DATA IN THIS EXERCISE

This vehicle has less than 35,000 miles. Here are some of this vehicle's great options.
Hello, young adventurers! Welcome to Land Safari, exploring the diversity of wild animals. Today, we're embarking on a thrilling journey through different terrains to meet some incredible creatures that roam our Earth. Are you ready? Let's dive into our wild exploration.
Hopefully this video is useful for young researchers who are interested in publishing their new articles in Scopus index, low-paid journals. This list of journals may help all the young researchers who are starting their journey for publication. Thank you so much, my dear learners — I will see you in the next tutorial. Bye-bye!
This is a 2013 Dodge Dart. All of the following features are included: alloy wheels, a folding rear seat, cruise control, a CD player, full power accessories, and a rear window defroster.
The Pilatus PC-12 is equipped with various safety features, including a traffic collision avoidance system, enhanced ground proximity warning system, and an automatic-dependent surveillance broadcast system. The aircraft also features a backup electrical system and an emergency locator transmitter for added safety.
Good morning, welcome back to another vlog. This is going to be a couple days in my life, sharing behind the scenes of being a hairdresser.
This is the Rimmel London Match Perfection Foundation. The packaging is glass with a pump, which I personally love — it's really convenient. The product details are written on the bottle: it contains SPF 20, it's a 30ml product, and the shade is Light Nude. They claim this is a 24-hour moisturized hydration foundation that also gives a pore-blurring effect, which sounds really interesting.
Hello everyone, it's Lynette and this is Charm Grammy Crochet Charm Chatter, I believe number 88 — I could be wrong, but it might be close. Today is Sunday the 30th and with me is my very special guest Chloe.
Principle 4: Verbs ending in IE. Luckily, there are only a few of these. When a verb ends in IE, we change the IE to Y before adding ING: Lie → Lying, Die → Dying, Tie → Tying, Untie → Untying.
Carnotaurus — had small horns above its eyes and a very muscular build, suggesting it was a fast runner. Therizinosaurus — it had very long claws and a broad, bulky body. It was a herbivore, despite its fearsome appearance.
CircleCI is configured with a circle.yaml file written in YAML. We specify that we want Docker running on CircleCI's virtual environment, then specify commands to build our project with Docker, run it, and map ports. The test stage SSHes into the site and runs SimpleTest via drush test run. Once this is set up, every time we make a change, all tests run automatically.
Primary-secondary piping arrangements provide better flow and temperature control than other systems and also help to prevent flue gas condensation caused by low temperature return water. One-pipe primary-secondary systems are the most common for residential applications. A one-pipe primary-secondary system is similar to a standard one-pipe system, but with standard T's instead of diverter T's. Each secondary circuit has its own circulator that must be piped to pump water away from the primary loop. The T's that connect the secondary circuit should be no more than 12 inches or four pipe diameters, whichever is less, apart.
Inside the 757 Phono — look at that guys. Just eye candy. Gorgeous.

TASK DIRECTIONS
Your answer must be a copy of every line in the data above that holds the string "into".

SOLUTION
Hello, young adventurers! Welcome to Land Safari, exploring the diversity of wild animals. Today, we're embarking on a thrilling journey through different terrains to meet some incredible creatures that roam our Earth. Are you ready? Let's dive into our wild exploration.
CircleCI is configured with a circle.yaml file written in YAML. We specify that we want Docker running on CircleCI's virtual environment, then specify commands to build our project with Docker, run it, and map ports. The test stage SSHes into the site and runs SimpleTest via drush test run. Once this is set up, every time we make a change, all tests run automatically.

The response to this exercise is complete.